Finance expert Richard Roll is best known for his work on portfolio theory and asset pricing. In 1969 he co-authored the first event study that sought to analyze how stock prices respond to an event. Roll holds the Japan Alumni Chair in Finance at University California Los Angeles Anderson School of Management, and is a principal of the consulting firm, Compensation Valuation, Inc.
The New York Times dubbed Martin Fridson “one of Wall Street’s most thoughtful and perceptive analysts.” A highly acclaimed author, Fridson writes for the popular audience as well as professional and academic readers. His works focus on the political economy, investments, and the history of financial markets. In 2000, Fridson became the youngest person ever inducted into the Fixed Income Analysts Society Hall of Fame.
Richard H. Thaler
A pioneer in the fields of behavioral economics and finance, Richard Thaler has specialized in the study of decision making for saving and investing. He is the Ralph and Dorothy Keller Distinguished Service Professor of Economics and Behavioral Science at the University of Chicago’s Graduate School of Business, where he directs the Center for Decision Research. He also co-directs the behavioral economics project at the National Bureau of Economic Research..
William F. Sharpe
Recipient of the 1990 Nobel Prize in Economic Sciences, William Sharpe is one of the originators of the Capital Asset Pricing Model, used to determine a theoretically appropriate required rate of return of an asset. He also developed the Sharpe Ratio for investment performance analysis, the binomial method for the valuation of options, the gradient method for asset allocation optimization, and returns-based style analysis for evaluating the style and performance of investment funds. He is the STANCO 25 Professor of Finance Emeritus at Stanford University’s Graduate School of Business.

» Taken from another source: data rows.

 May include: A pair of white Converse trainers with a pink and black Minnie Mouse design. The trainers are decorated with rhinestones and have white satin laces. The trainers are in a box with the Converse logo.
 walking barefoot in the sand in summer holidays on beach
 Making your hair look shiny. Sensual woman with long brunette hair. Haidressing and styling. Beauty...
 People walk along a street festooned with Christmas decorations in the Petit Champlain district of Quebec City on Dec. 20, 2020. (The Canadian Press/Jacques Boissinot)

Awarded the Nobel Prize in Economics in 1990, Harry Markowitz is best known for his pioneering work in modern portfolio theory. He has studied the effects of asset risk, return, correlation and diversification on probable investment portfolio returns. Markowitz is an Adjunct Professor of Finance at University of California San Diego.

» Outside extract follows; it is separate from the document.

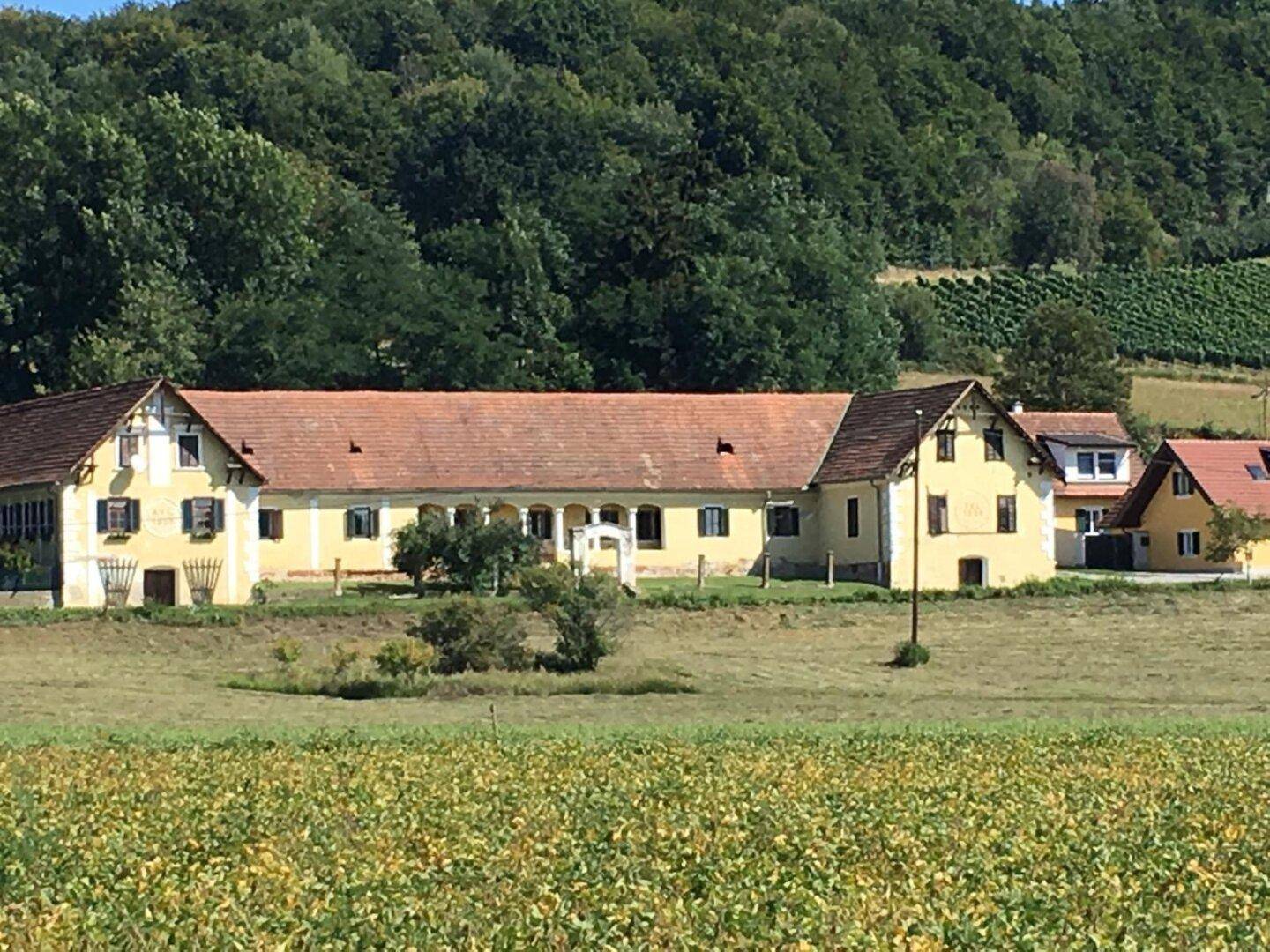 Historisches Gebäude in ländlicher Umgebung, umgeben von Feldern und bewaldeten Hügeln.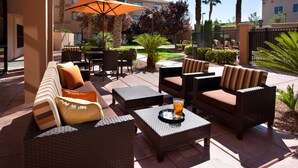 Area patio esterna con mobili in vimini, tra cui divani e tavoli, e un ombrellone grande che offre ombra.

John Bogle is the founder of the Vanguard Group, Inc., one of the two largest mutual fund organizations in the world, and President of Vanguard’s Bogle Financial Markets Research Center. In 2004, TIME magazine named Bogle as one of the world’s 100 most powerful and influential people. Dr. Bogle is also a best-selling author. His five books have sold over a half million copies.

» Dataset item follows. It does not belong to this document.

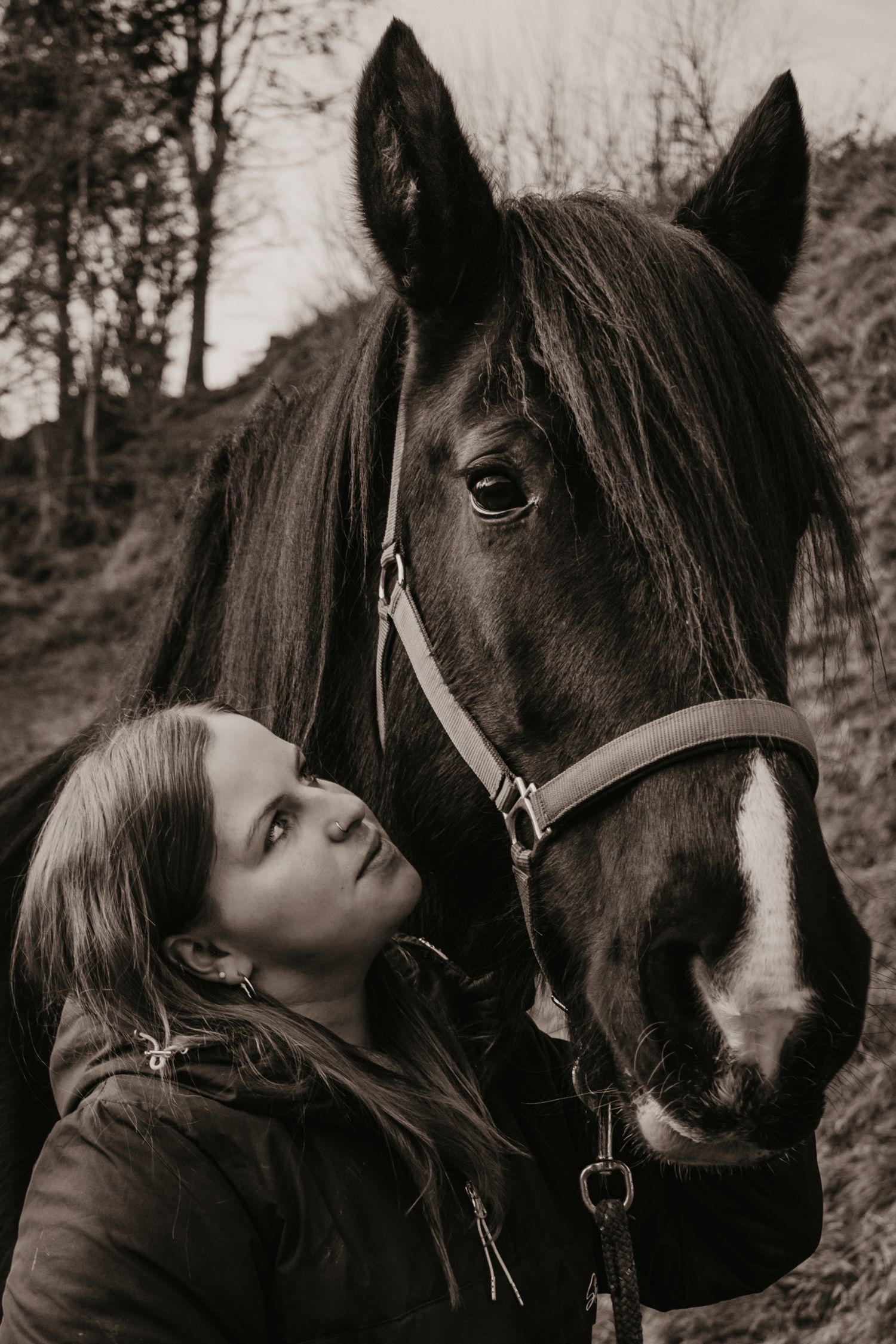 Black and white portrait series showing affectionate moments between person and horse.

Myron Scholes was awarded the 1997 Nobel Prize in Economic Sciences for his new method of determining the value of derivatives. He is the co-originator of the Black-Scholes options pricing model. His research has focused on taxation of asset prices and incentives. Dr. Scholes is the Frank E. Buck Professor of Finance, Emeritus, at the Stanford Graduate School of Business.
Robert J. Shiller
Robert Shiller was one of three scholars awarded the 2013 Nobel Prize in Economic Sciences “for their empirical analysis of asset prices.” He is the Arthur M. Okun Professor of Economics at Yale University and a Professor of Finance and Fellow at the International Center for Finance within the Yale School of Management. He has written widely on financial markets, financial innovation, behavioral economics, macroeconomics, real estate, statistical methods, and on public attitudes, opinions, and moral judgments regarding markets.